Private Sector Development
The private sector exerts a significant influence on Lao PDR development. As such the Government has taken steps to simplify the enabling business environment, facilitate enterprise registration, repeal establishment licenses, annual import-export plan requirements, and import-export licensing requirements for goods outside the revised controlled list, and establish a one-stop service.
Additionally, the Government has approved the Decree on Import Export Licensing Procedures, providing traders with greater certainty and predictability over the Lao trade regime.
Efforts continue to improve the predictability of the regulatory environment for business creation and operations, including the adoption of the Law on Commercial Banks, the Customs Law, a new unified Investment Promotion Law and the Minerals Law.
Similarly the Government has made substantial progress with respect to meeting commitments under the ASEAN Free Trade Agreement and continues to work towards WTO accession.
Additionally, in October 2008 Lao PDR fully ratified the Cross Border Transport Agreement.

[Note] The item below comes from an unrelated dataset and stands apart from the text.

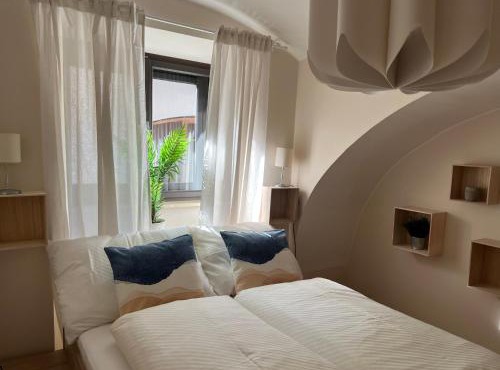 Stylische Gartenwohnung mit Bergblick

In the area of SME development, the Government has developed the SME Strategy, the EC-SME development programme is currently underway, the Human Resource Development for Market Economy Project is in its second phase and work continues on implementing a number bilateral trade agreements.
Future directions
Capital-intensive projects in sectors such as mining and hydro-power continue to attract FDI, however as these contribute less to job creation more emphasis is required on development of small- to medium-scale manufacturing, food and agricultural crop production, processing, trade and tourism that nurture both production, employment and income generation, and foster balanced investment.
Key challenges remain to provide incentives to promote investment and enhance government capacity to implement policies, rules and regulation within the new investment law, as well as speed up implementation of other private sector reforms.
Work continues to broaden the production and growth base, enhance labour force productivity and improve competitiveness.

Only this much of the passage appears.